Limitations and Considerations
- Complexity: Direct interaction with the gRPC API requires a deep understanding of Flyte's internal data models (protobuf definitions). This increases development complexity compared to using higher-level SDKs.
- Versioning: The API can evolve. Maintaining compatibility with different Flyte Admin service versions requires careful management of gRPC stubs and protobuf definitions.
- Error Handling: Error responses from the Admin service are typically gRPC status codes and messages, requiring robust error handling logic in the client application.
- Performance: While direct gRPC calls are efficient, improper use (e.g., excessive polling, unoptimized queries) can still lead to performance bottlenecks. Batching requests and using efficient filtering are crucial.

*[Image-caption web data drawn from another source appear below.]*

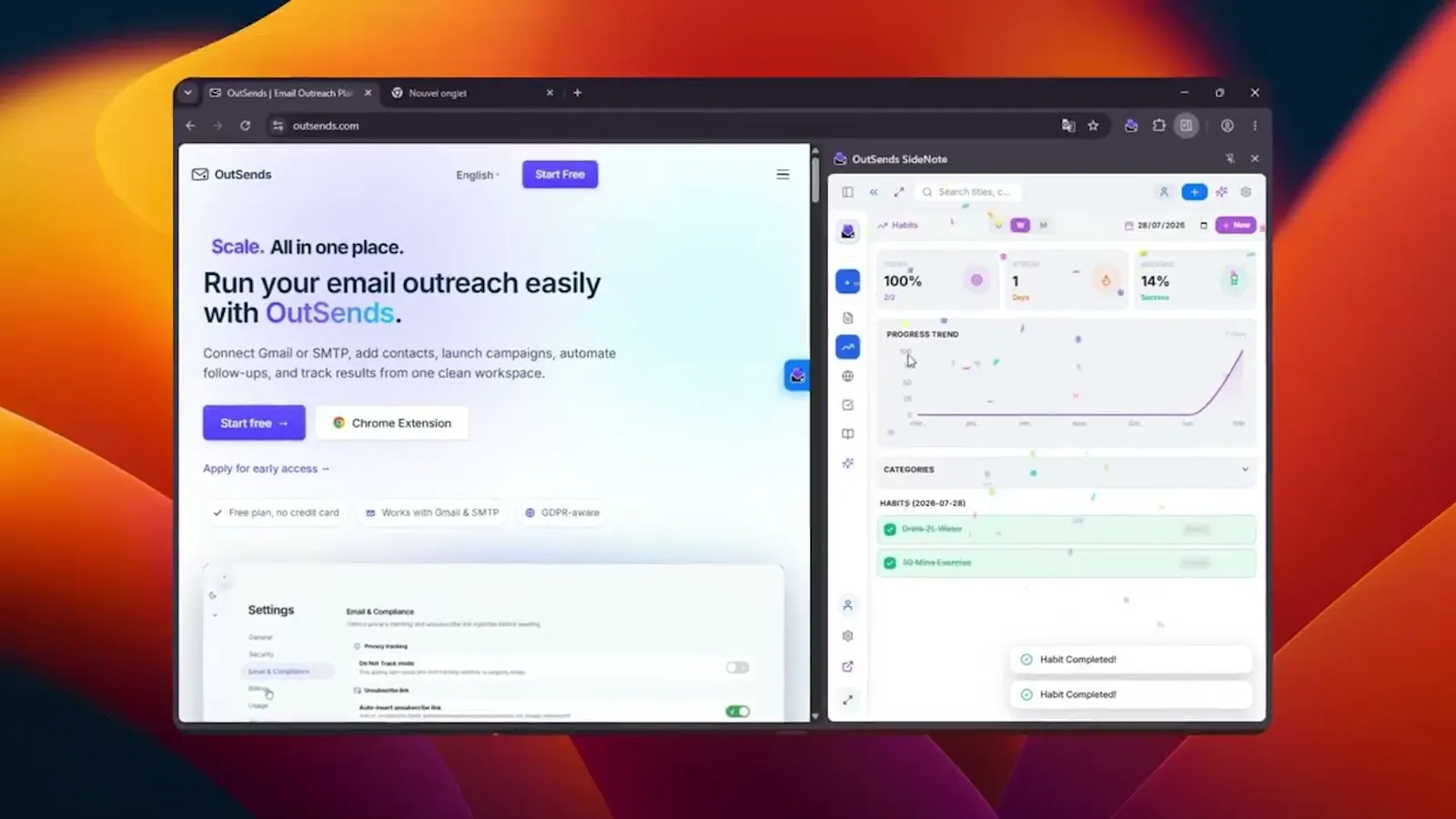 OutSends SideNote — Side Panel Notes screenshot 1 (video preview)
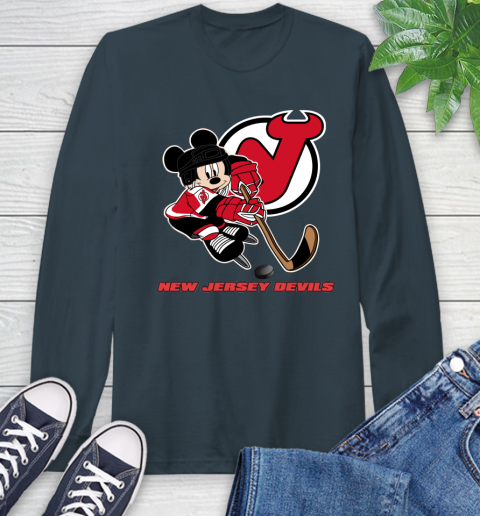 NHL New Jersey Devils Mickey Mouse Disney Hockey T Shirt Long Sleeve T-Shirt 8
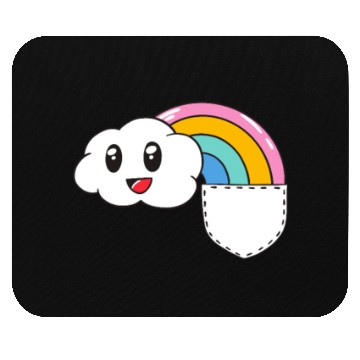 Discover Pocket Rainbow Kawaii Cloud Cute Funny Mouse Pads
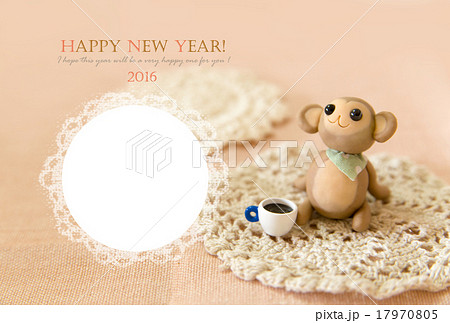 さるのコーヒータイム　写真の入る年賀状 17970805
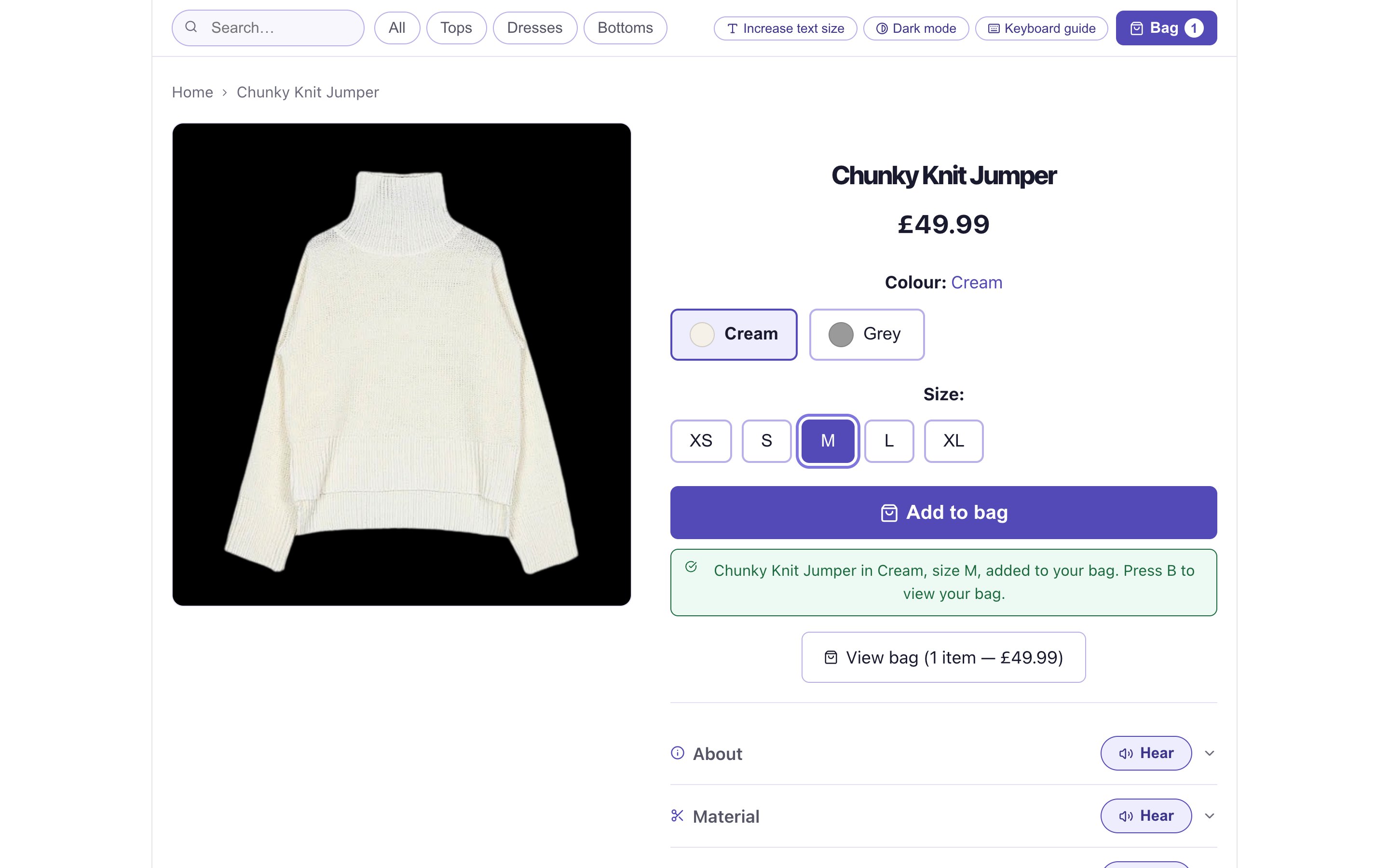 E-commerce product page: chunky knit jumper with named colour and size choices.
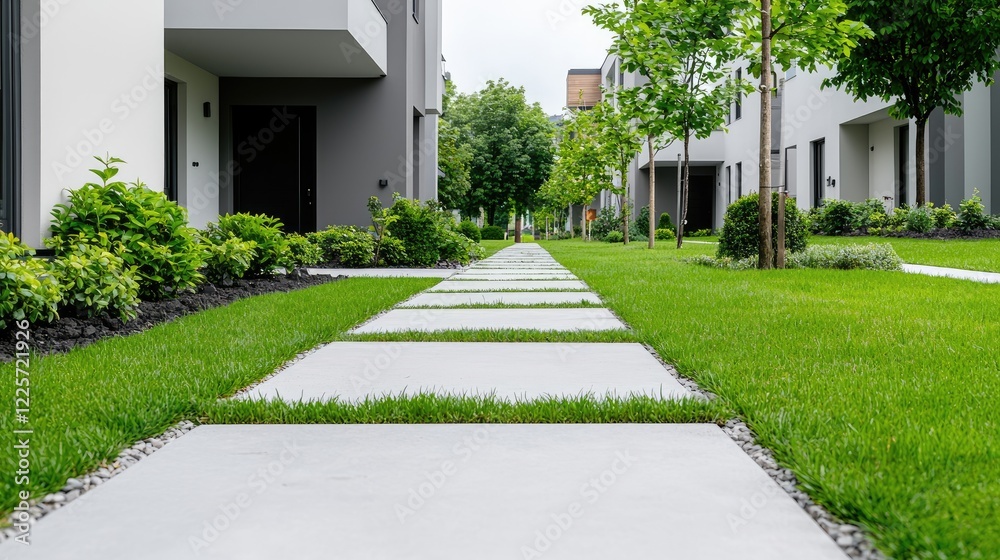 Modern apartment complex pathway, green landscaping, suburban setting, real estate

- Security: Managing authentication tokens and ensuring secure communication (TLS) is the responsibility of the client application.
Best Practices
- Use Generated Code: Leverage gRPC tools to generate client stubs and message classes from Flyte's
.protodefinitions. This ensures type safety and reduces boilerplate. - Implement Robust Error Handling: Anticipate and handle various gRPC status codes and application-level errors returned by the Admin service.
- Implement Retries with Backoff: Network issues or transient service unavailability can occur. Implement exponential backoff and retry logic for idempotent operations.

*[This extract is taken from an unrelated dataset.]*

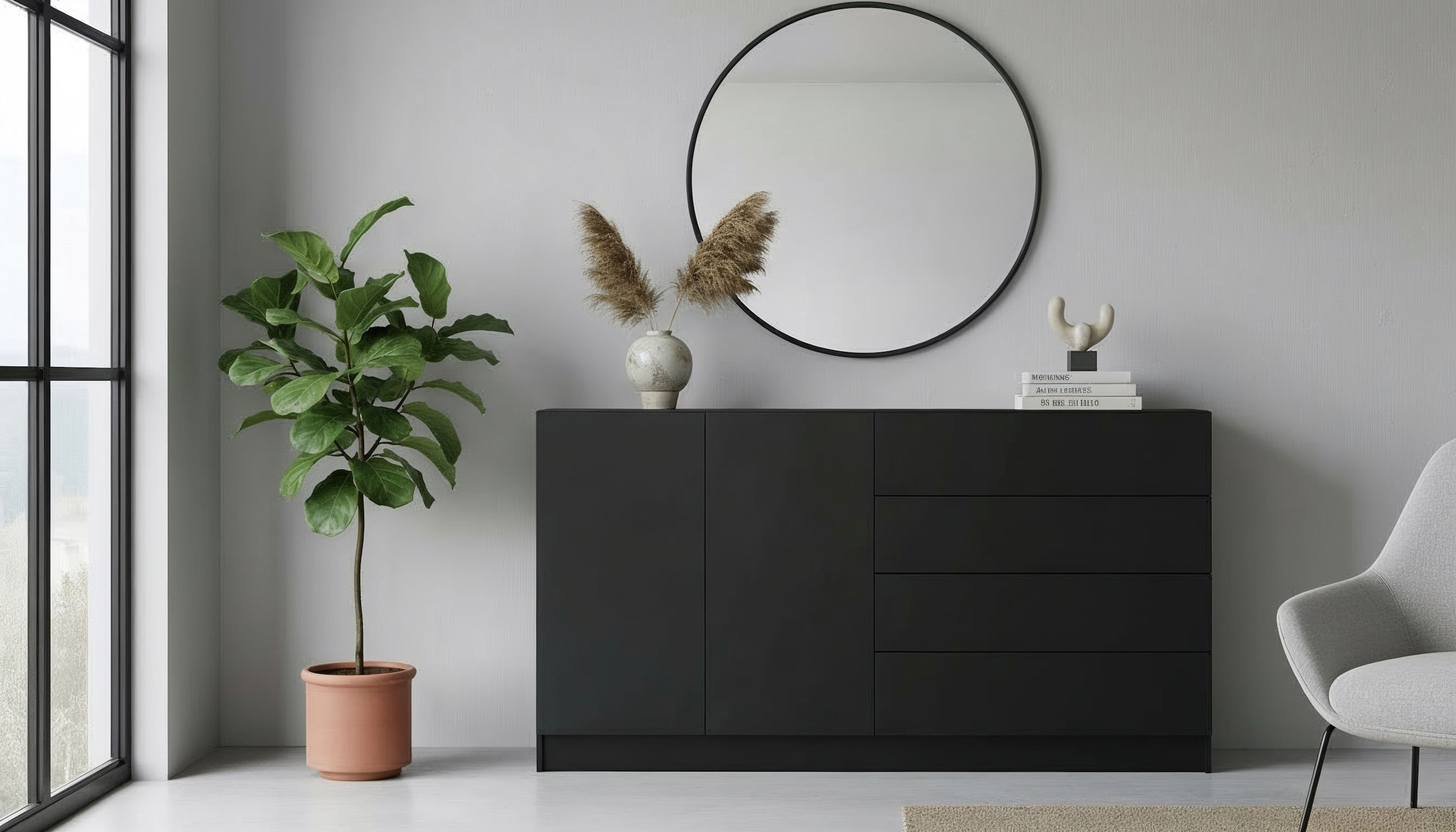 borchardt Möbel Sideboard »Vaasa, Kommode mit 2 Türen und 4 Schubkästen auf Kugelführungen«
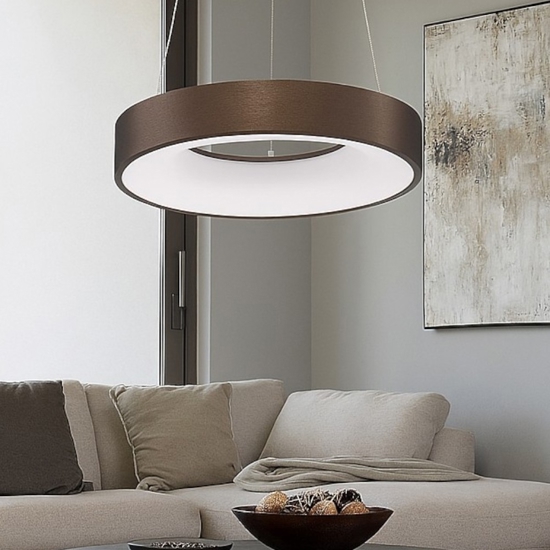 Lampadario cerchio 38cm led 3000k marrone per soggiorno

- Paginate and Filter Queries: When listing resources or executions, always use pagination and apply filters to limit the data fetched, improving performance and reducing load on the Admin service.
- Cache Static Data: Cache frequently accessed, static information (e.g., project/domain lists, common workflow definitions) to reduce redundant API calls.
- Monitor API Usage: Implement logging and monitoring for your low-level client interactions to track usage patterns, identify potential issues, and debug effectively.
- Prefer Higher-Level SDKs When Possible: Only resort to the low-level client when higher-level SDKs do not provide the necessary functionality or control. Higher-level SDKs abstract away much of the complexity and offer a more Pythonic interface.